::: Exercise input
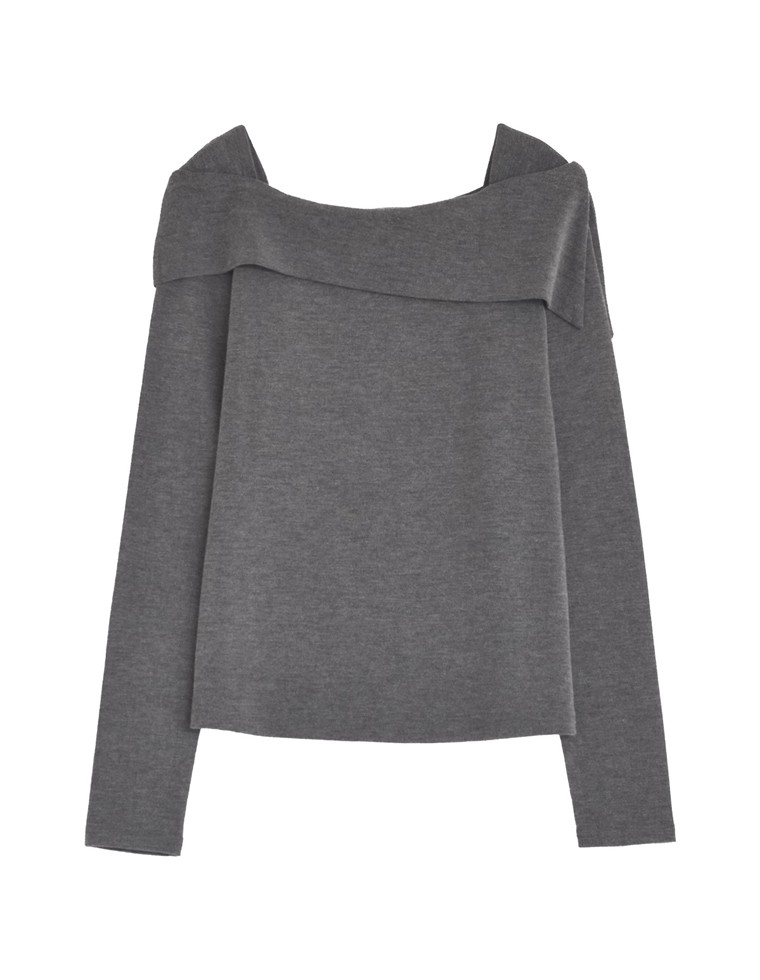 スムースリブアシンメトリーオフショルダートップス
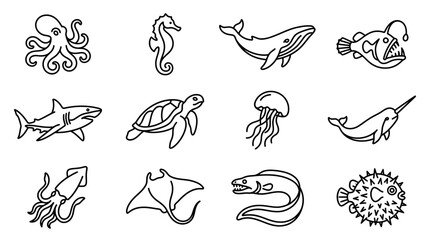 Marine animals illustrations set ocean creatures. © pratama yudi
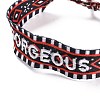 Word Gorgeous Polycotton(Polyester Cotton) Braided Bracelet with Tassel Charm BJEW-F429-03-2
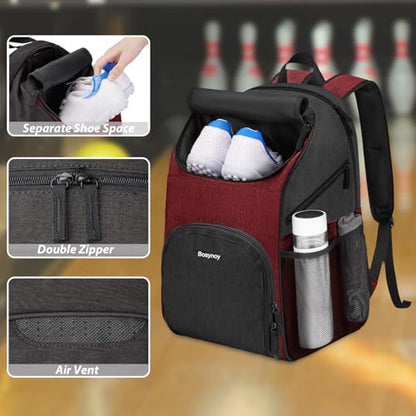 Bosynoy Bowling Backpack, Bowling Ball Bag Totes for Single Ball with Shoe Compartment & Foam Padded, Fits Shoes Up to US Mens Size 16, Grey - color: Red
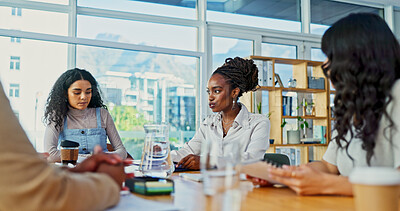 Buy stock photo Boardroom, collaboration and meeting with business woman in office for discussion or planning. Creative, design and project management with employee team in workplace for feedback or strategy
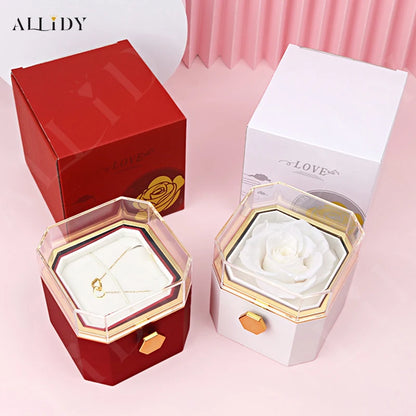 New Octagon Rotating Preserved Rose Proposal Surprise Jewelry Gift Box with Custom Name Necklace Set Holiday for Girlfriend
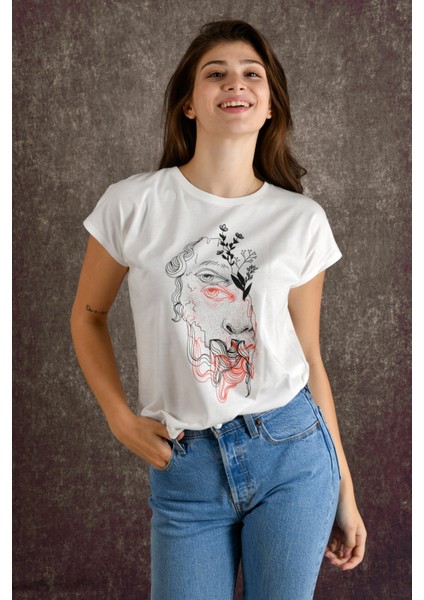 Halfface Kadın Baskılı T-Shirt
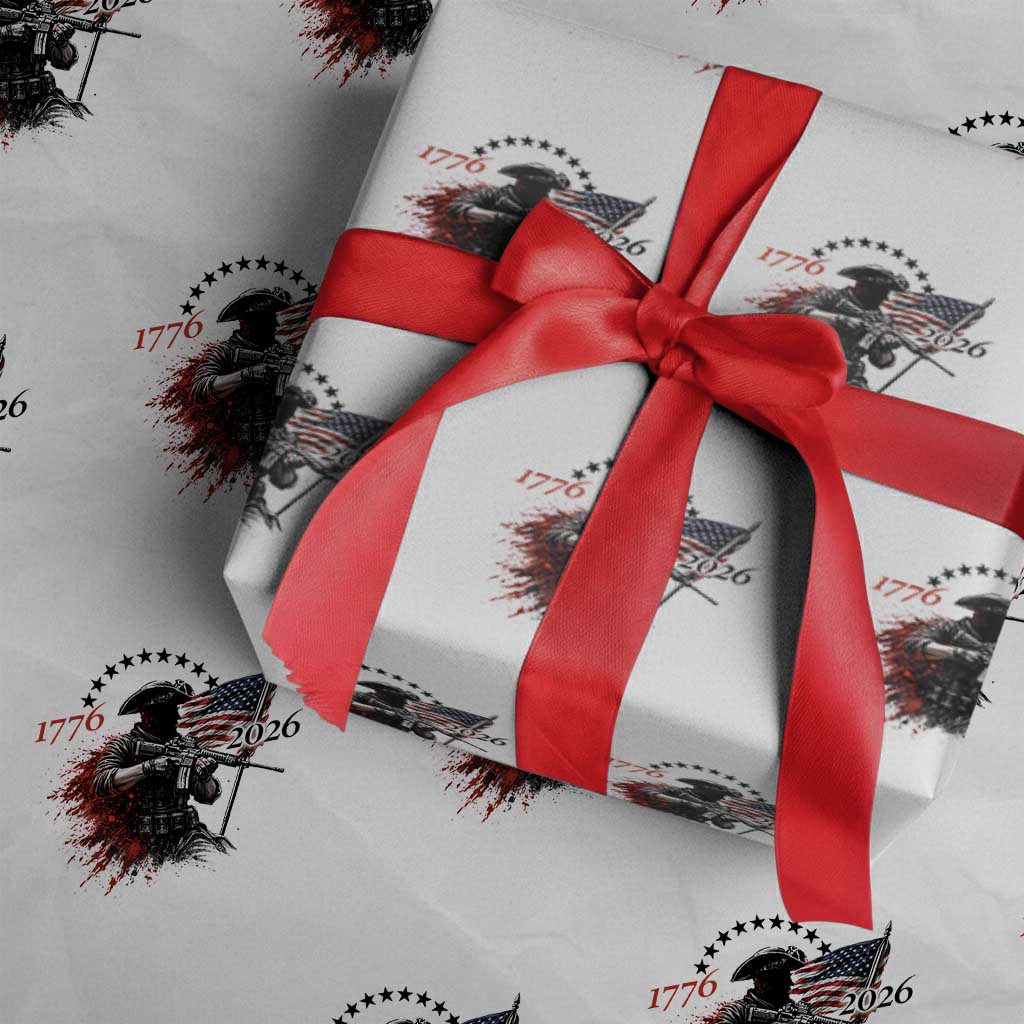 250 Years Anniversary Yankee Spirit Wrapping Paper Roll 1776 2026 Patriotic Tactical Minuteman Independence Day 4th July US Flag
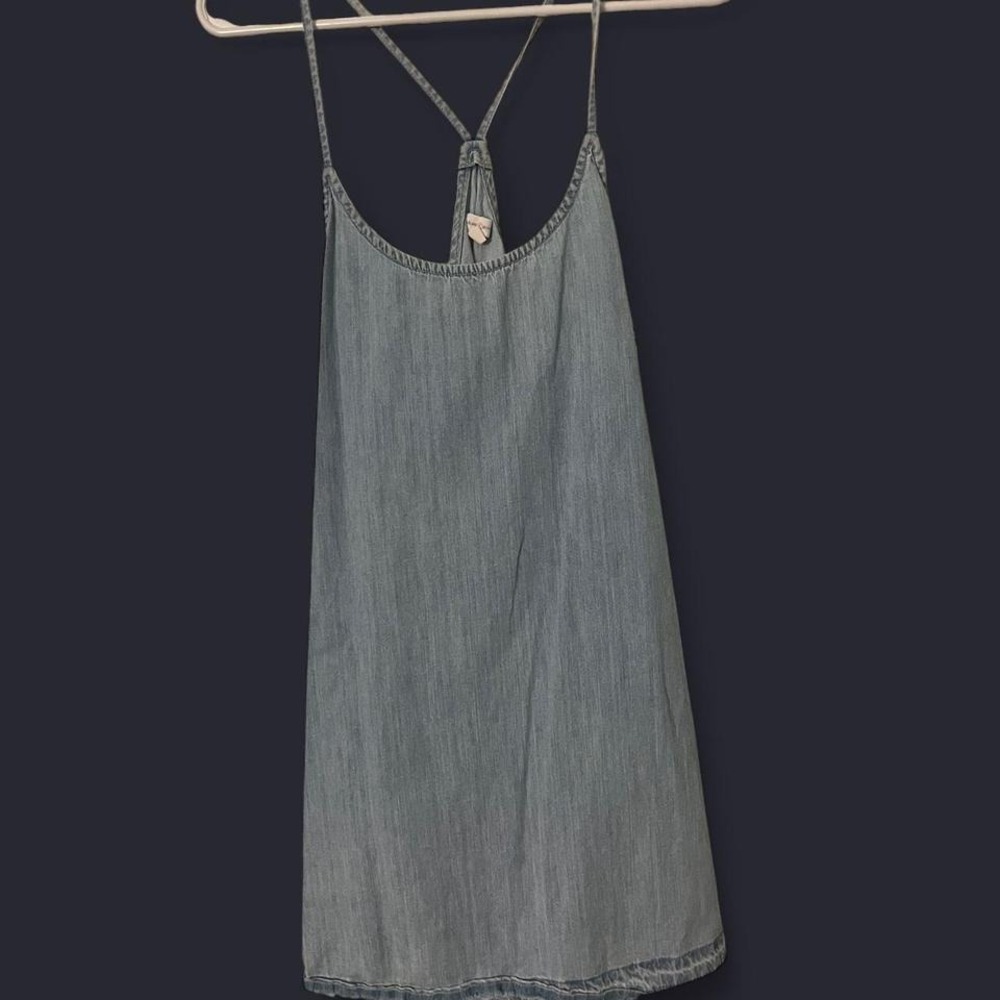BLUE DENIM TREASURE AND BOND SHIFT DRESS - Picture 1 of 3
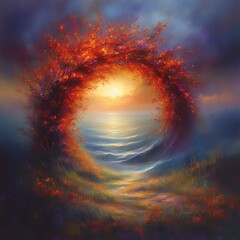 Fototapeta premium Autumnal portal, sunset over ocean, path leading to light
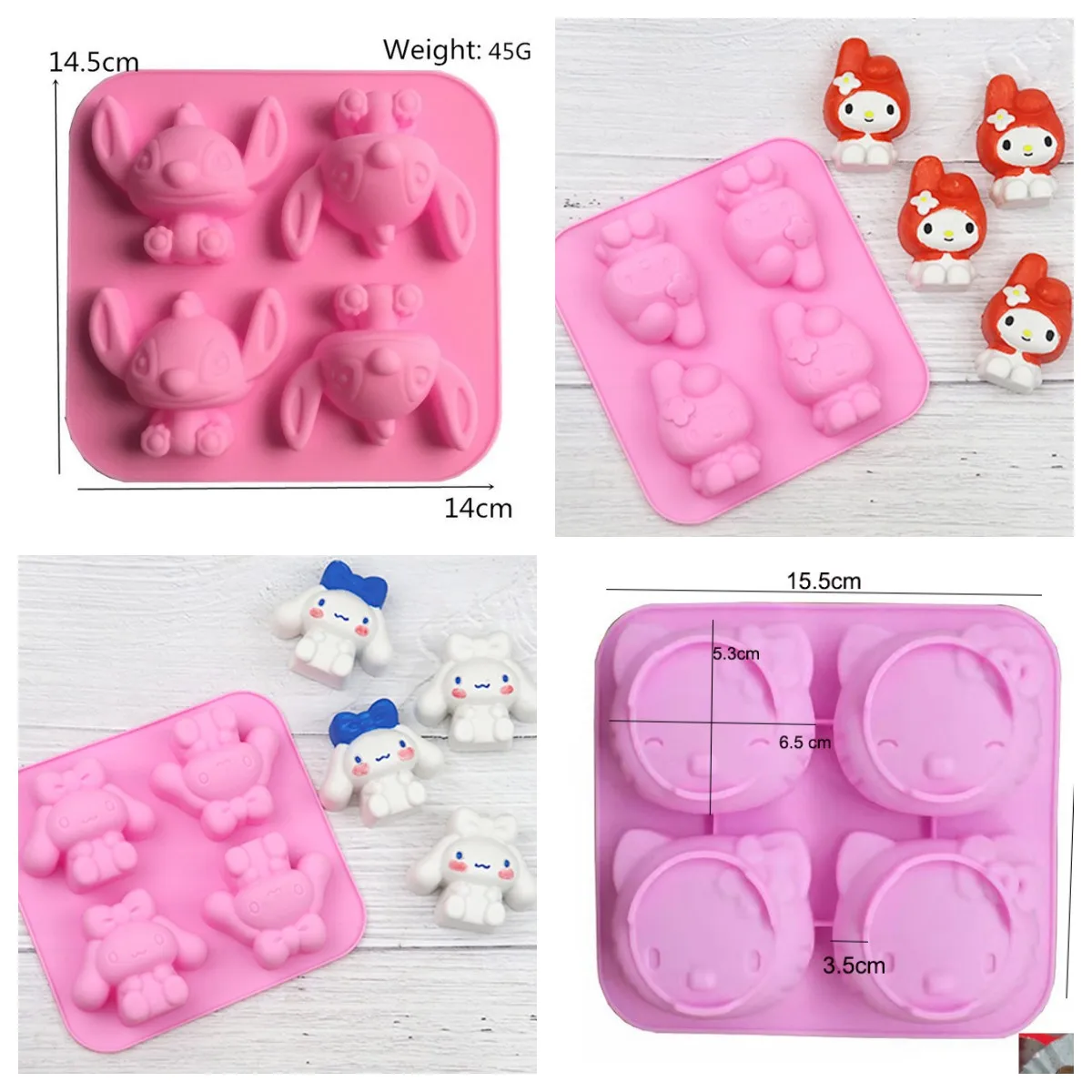 

Cartoon Silicone Mold For Baking Stitch Mouse sanrio hello kitty Chocolate Soap Mould Animal Cake Decorating Tool Cupcake Topper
::::::
» Task details:
Leave the pictures out, and transcribe exactly the lines above starting at the one that contains "Word Gorgeous Polycotton(Polyester" and ending at the one that contains "Halfface Kadın Baskılı T-Shirt".

» Written reply:
 Word Gorgeous Polycotton(Polyester Cotton) Braided Bracelet with Tassel Charm BJEW-F429-03-2
 Bosynoy Bowling Backpack, Bowling Ball Bag Totes for Single Ball with Shoe Compartment & Foam Padded, Fits Shoes Up to US Mens Size 16, Grey - color: Red
 Buy stock photo Boardroom, collaboration and meeting with business woman in office for discussion or planning. Creative, design and project management with employee team in workplace for feedback or strategy
 New Octagon Rotating Preserved Rose Proposal Surprise Jewelry Gift Box with Custom Name Necklace Set Holiday for Girlfriend
 Halfface Kadın Baskılı T-Shirt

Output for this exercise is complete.